* Task prompt *
One part of the entries below is wanted: the lines from the one containing "1885-p Morgan Dollar" through the one containing "Michael Kors Navy". Write those out exactly and nothing else.

* Available data *

########

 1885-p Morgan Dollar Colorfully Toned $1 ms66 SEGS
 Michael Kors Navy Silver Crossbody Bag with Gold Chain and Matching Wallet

########

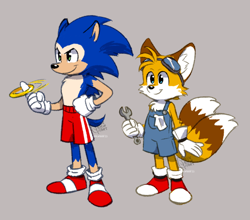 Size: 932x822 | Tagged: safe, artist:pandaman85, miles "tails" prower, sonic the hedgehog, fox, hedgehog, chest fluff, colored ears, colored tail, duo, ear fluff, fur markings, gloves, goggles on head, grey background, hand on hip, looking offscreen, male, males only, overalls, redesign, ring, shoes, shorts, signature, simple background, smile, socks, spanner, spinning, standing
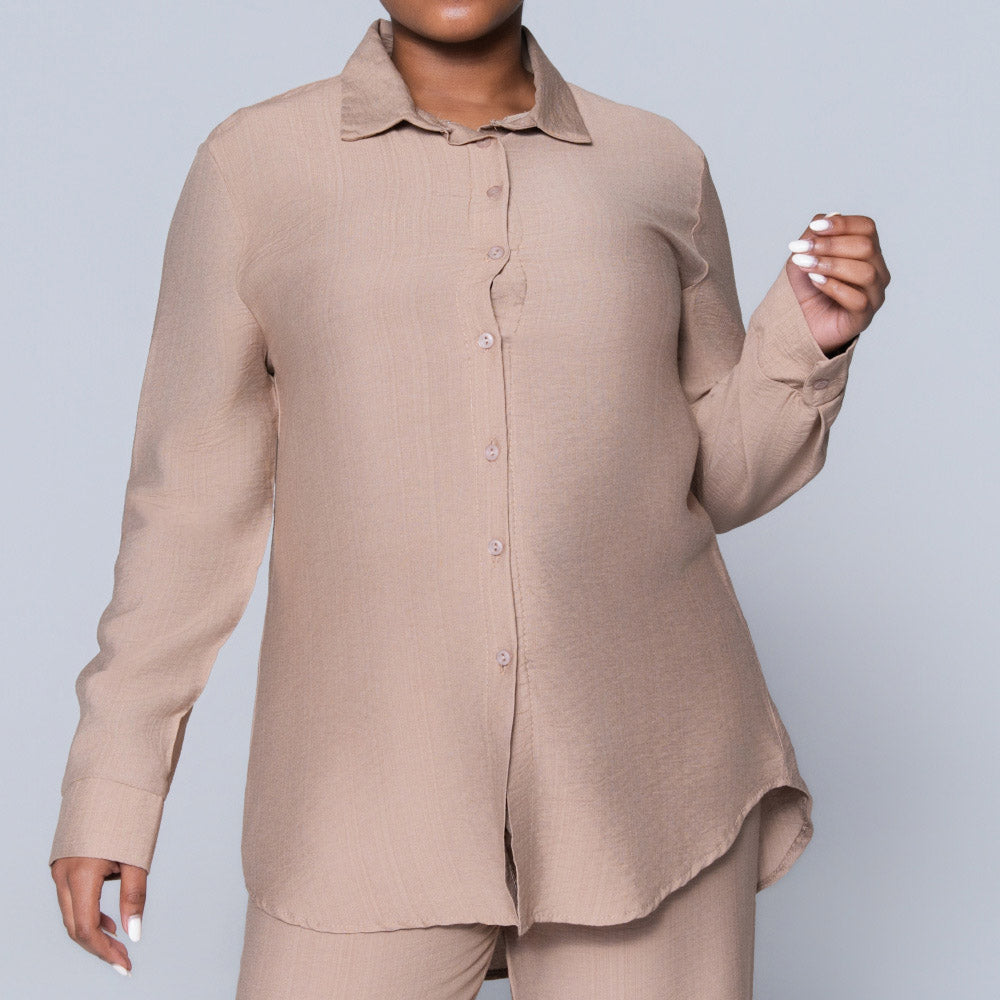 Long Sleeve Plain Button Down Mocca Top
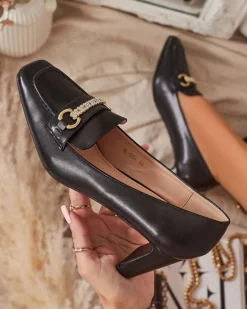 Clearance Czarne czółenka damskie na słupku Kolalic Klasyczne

########

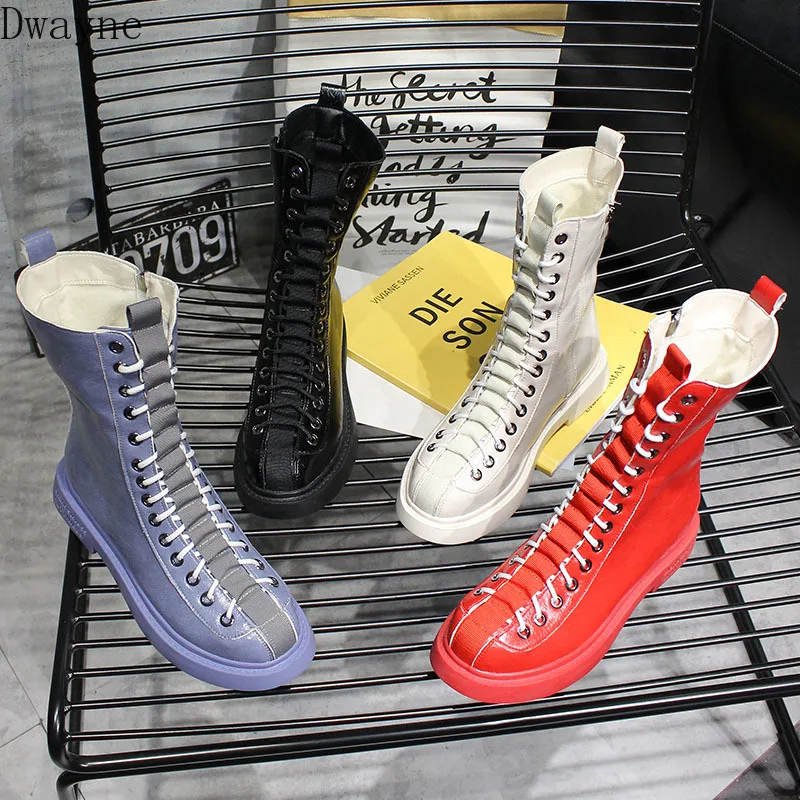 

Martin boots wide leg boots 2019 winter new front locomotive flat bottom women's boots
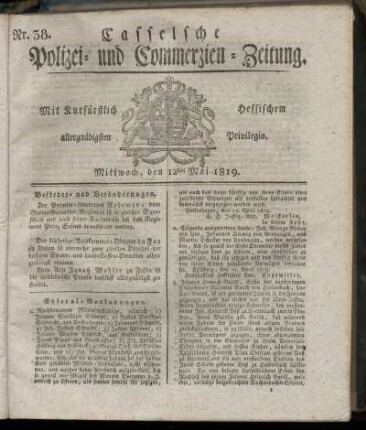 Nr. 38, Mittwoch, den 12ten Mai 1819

########

* Response to the task *
 1885-p Morgan Dollar Colorfully Toned $1 ms66 SEGS
 Michael Kors Navy Silver Crossbody Bag with Gold Chain and Matching Wallet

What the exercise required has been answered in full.